TASK PROMPT: For the data below, give again exactly the lines from the one containing "World-Class Portrait of" through the one containing "Decorative Woolly Magnetic", both ends included, and no others.

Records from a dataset

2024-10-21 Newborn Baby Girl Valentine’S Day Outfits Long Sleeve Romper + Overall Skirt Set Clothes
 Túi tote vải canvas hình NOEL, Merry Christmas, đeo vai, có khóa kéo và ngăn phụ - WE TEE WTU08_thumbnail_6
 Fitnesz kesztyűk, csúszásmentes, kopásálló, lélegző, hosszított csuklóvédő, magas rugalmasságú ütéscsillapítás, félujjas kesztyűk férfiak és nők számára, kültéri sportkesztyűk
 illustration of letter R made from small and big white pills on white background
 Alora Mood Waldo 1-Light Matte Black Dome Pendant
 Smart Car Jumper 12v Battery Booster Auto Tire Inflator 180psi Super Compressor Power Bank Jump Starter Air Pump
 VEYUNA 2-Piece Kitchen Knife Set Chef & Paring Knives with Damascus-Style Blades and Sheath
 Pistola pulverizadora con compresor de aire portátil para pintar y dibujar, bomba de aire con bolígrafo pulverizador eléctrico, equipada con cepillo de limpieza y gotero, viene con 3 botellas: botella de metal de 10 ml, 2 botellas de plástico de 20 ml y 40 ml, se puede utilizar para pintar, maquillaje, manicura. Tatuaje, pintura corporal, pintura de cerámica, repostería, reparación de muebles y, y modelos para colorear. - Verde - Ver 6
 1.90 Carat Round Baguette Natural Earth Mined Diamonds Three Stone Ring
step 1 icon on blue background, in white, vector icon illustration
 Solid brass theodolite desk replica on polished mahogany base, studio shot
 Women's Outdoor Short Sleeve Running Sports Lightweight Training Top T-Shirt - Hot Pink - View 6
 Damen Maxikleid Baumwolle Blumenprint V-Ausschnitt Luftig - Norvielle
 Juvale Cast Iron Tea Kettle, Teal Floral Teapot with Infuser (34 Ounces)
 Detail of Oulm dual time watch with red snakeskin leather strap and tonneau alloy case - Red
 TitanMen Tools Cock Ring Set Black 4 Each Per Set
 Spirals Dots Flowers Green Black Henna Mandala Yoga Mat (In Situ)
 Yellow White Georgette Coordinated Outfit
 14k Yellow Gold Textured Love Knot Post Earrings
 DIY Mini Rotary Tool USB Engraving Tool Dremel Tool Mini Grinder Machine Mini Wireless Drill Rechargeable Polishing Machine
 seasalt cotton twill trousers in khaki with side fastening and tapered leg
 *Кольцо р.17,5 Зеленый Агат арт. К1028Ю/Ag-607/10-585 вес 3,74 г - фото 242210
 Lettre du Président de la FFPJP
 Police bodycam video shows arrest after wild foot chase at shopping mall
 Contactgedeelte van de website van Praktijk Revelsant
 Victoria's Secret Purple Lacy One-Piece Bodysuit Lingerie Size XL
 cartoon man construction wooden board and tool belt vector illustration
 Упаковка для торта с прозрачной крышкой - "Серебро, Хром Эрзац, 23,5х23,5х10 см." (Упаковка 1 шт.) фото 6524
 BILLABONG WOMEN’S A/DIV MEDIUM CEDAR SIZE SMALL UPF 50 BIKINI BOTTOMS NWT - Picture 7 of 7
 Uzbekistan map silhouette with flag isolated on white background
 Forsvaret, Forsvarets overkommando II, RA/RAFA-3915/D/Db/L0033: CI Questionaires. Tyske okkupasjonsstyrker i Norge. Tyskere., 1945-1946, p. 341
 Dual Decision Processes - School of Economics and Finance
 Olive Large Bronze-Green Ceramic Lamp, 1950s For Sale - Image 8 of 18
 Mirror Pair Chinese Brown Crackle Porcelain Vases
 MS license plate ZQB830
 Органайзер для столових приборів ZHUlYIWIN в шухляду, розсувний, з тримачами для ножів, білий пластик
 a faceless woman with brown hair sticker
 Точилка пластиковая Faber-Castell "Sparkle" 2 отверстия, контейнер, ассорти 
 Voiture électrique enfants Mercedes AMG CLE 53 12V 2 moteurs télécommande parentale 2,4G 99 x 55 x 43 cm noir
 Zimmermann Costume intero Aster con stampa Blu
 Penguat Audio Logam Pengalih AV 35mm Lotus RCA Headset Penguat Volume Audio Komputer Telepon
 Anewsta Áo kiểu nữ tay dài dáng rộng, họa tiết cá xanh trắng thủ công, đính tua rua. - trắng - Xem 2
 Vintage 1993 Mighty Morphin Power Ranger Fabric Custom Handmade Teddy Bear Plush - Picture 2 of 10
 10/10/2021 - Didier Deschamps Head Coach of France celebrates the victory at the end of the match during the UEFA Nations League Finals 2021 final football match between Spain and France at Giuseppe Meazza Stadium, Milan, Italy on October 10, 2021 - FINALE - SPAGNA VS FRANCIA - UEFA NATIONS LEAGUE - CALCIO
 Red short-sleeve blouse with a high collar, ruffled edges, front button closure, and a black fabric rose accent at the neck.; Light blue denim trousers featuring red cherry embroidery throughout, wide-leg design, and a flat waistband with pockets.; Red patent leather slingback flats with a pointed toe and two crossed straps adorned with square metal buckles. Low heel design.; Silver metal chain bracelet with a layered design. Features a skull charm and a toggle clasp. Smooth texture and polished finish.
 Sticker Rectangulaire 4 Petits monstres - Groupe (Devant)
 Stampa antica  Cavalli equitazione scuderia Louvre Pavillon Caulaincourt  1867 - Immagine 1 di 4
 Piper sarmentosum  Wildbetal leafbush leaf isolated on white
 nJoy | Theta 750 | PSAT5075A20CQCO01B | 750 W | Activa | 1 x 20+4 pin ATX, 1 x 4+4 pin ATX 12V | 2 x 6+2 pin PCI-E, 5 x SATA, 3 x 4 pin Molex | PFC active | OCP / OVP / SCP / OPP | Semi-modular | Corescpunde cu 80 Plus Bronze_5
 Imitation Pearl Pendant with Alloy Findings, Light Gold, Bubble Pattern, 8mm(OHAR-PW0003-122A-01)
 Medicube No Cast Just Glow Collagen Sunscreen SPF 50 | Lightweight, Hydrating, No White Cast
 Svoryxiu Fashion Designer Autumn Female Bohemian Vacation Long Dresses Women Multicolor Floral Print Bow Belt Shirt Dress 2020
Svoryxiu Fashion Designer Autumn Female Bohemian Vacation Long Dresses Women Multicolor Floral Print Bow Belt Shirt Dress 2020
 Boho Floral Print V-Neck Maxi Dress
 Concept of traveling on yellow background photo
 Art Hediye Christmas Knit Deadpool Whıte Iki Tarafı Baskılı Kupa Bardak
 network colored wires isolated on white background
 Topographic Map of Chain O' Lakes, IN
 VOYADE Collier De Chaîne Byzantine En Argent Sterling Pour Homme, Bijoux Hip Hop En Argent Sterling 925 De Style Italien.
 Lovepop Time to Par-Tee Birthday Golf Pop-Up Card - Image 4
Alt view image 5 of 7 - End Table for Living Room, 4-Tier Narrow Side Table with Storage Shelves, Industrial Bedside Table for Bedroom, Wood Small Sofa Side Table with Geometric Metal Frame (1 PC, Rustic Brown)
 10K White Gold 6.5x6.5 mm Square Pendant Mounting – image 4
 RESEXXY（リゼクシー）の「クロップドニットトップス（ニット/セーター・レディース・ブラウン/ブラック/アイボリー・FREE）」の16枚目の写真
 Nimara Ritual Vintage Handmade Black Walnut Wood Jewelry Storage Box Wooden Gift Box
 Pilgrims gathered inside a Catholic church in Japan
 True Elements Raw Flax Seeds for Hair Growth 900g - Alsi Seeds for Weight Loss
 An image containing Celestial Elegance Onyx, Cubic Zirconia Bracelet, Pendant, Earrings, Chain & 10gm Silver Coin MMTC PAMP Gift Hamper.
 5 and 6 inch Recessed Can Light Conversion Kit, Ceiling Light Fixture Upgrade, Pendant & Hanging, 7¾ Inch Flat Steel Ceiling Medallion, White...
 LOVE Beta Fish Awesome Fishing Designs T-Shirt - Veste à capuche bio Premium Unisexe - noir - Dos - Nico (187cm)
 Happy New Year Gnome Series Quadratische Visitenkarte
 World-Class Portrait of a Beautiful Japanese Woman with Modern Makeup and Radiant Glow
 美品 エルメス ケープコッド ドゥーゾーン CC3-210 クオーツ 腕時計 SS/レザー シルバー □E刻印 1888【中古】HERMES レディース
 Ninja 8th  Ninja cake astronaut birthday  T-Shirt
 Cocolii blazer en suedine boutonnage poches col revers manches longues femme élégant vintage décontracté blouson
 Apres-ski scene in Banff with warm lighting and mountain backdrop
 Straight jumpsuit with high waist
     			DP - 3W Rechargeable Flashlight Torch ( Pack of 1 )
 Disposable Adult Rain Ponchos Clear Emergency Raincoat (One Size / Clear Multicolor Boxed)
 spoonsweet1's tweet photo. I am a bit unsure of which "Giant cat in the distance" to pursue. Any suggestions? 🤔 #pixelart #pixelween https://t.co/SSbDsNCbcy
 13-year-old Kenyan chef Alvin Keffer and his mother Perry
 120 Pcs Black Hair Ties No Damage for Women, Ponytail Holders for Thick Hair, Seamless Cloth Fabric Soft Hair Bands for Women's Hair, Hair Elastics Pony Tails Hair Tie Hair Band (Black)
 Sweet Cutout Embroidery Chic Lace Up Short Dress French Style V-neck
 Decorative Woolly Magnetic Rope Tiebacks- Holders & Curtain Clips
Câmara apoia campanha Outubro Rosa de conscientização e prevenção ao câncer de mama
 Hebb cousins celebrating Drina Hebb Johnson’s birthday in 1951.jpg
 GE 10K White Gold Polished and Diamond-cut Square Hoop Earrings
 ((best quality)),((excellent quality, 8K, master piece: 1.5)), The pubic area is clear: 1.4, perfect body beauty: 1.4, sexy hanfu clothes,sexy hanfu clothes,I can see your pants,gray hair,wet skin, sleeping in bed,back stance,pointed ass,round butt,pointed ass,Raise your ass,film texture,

ANSWER BOX:
 World-Class Portrait of a Beautiful Japanese Woman with Modern Makeup and Radiant Glow
 美品 エルメス ケープコッド ドゥーゾーン CC3-210 クオーツ 腕時計 SS/レザー シルバー □E刻印 1888【中古】HERMES レディース
 Ninja 8th  Ninja cake astronaut birthday  T-Shirt
 Cocolii blazer en suedine boutonnage poches col revers manches longues femme élégant vintage décontracté blouson
 Apres-ski scene in Banff with warm lighting and mountain backdrop
 Straight jumpsuit with high waist
     			DP - 3W Rechargeable Flashlight Torch ( Pack of 1 )
 Disposable Adult Rain Ponchos Clear Emergency Raincoat (One Size / Clear Multicolor Boxed)
 spoonsweet1's tweet photo. I am a bit unsure of which "Giant cat in the distance" to pursue. Any suggestions? 🤔 #pixelart #pixelween https://t.co/SSbDsNCbcy
 13-year-old Kenyan chef Alvin Keffer and his mother Perry
 120 Pcs Black Hair Ties No Damage for Women, Ponytail Holders for Thick Hair, Seamless Cloth Fabric Soft Hair Bands for Women's Hair, Hair Elastics Pony Tails Hair Tie Hair Band (Black)
 Sweet Cutout Embroidery Chic Lace Up Short Dress French Style V-neck
 Decorative Woolly Magnetic Rope Tiebacks- Holders & Curtain Clips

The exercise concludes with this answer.